A faster (actually computationally slower, but faster to develop) and more complete solution is just to use off-the-shelf transformers like GPT.
import transformers
gpt_tokenizer = transformers.OpenAIGPTTokenizer.from_pretrained('openai-gpt')
gpt_model = transformers.OpenAIGPTModel.from_pretrained('openai-gpt')
ftfy or spacy is not installed using BERT BasicTokenizer instead of SpaCy & ftfy.
tokens = gpt_tokenizer.encode("some text input", return_tensors='tf')
text_encoding = gpt_model(tokens)
--------------------------------------------------------------------------- AttributeError Traceback (most recent call last) <ipython-input-35-210e5781931c> in <module> 1 tokens = gpt_tokenizer.encode("some text input", return_tensors='tf') ----> 2 text_encoding = gpt_model(tokens) ~/anaconda3/envs/ai/lib/python3.8/site-packages/torch/nn/modules/module.py in _call_impl(self, *input, **kwargs) 1049 if not (self._backward_hooks or self._forward_hooks or self._forward_pre_hooks or _global_backward_hooks 1050 or _global_forward_hooks or _global_forward_pre_hooks): -> 1051 return forward_call(*input, **kwargs) 1052 # Do not call functions when jit is used 1053 full_backward_hooks, non_full_backward_hooks = [], [] ~/anaconda3/envs/ai/lib/python3.8/site-packages/transformers/models/openai/modeling_openai.py in forward(self, input_ids, attention_mask, token_type_ids, position_ids, head_mask, inputs_embeds, output_attentions, output_hidden_states, return_dict) 460 raise ValueError("You cannot specify both input_ids and inputs_embeds at the same time") 461 elif input_ids is not None: --> 462 input_shape = input_ids.size() 463 input_ids = input_ids.view(-1, input_shape[-1]) 464 elif inputs_embeds is not None: ~/anaconda3/envs/ai/lib/python3.8/site-packages/tensorflow/python/framework/ops.py in __getattr__(self, name) 394 "tolist", "data"}: 395 # TODO(wangpeng): Export the enable_numpy_behavior knob --> 396 raise AttributeError(""" 397 '{}' object has no attribute '{}'. 398 If you are looking for numpy-related methods, please run the following: AttributeError: 'EagerTensor' object has no attribute 'size'. If you are looking for numpy-related methods, please run the following: from tensorflow.python.ops.numpy_ops import np_config np_config.enable_numpy_behavior()

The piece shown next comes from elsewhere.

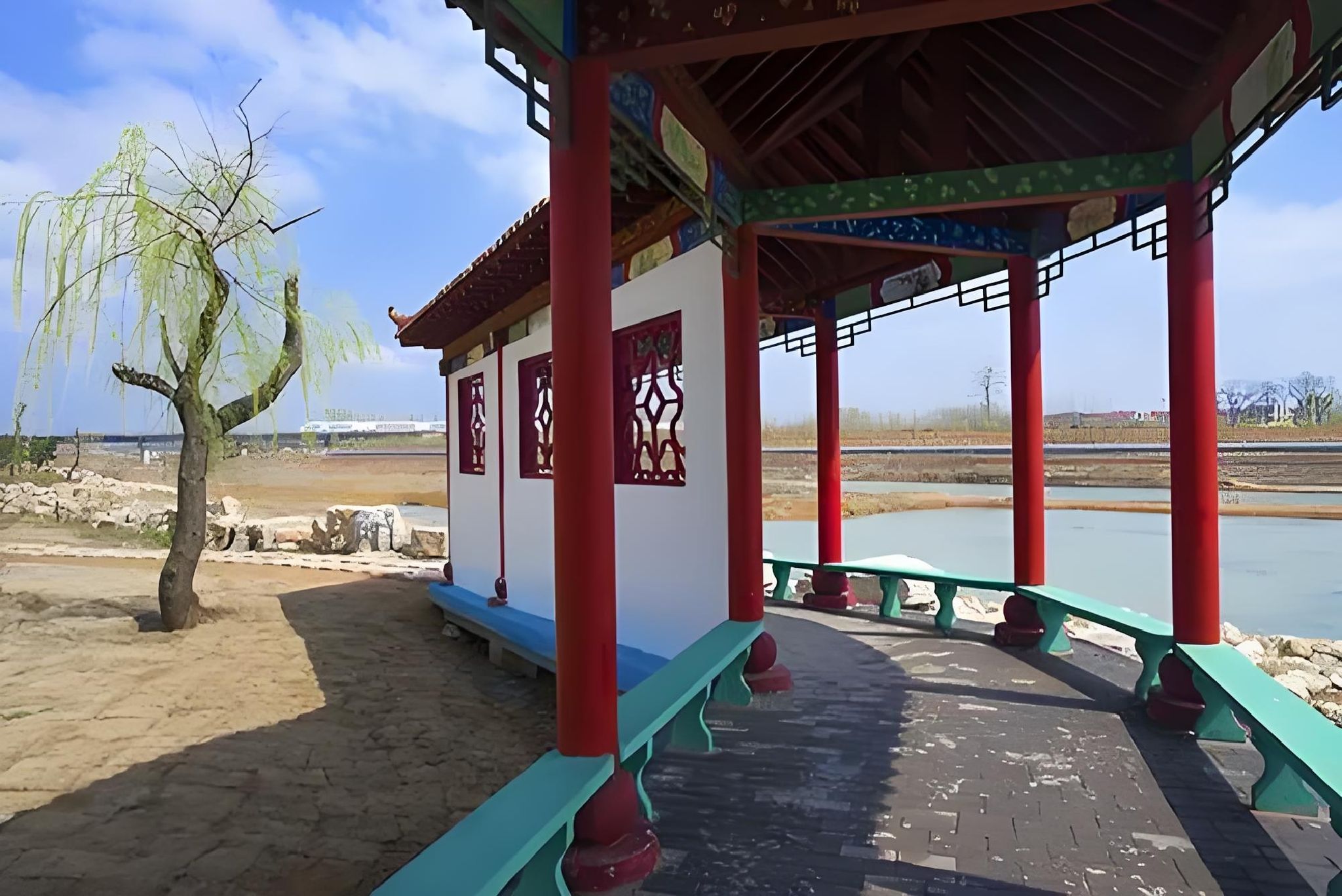 胶河国家湿地公园旅行图片 1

I didn't realize you need pytorch by default.
import torch
tokens = gpt_tokenizer.encode("some text input", return_tensors='pt')
text_encoding = gpt_model(tokens)
text_encoding
BaseModelOutput(last_hidden_state=tensor([[[ 0.0882, 0.0539, 0.3581, ..., 0.1716, -0.7176, 0.3359], [ 0.0464, 0.3434, 0.2813, ..., 0.3462, -0.6462, 0.5508], [ 0.5369, 0.1385, 1.0945, ..., 0.2260, -0.4896, 0.2685]]], grad_fn=<ViewBackward>), hidden_states=None, attentions=None)
You now have a highly informative vector representation. With pretrained transformers, you are generally good to go for advanced text data extraction.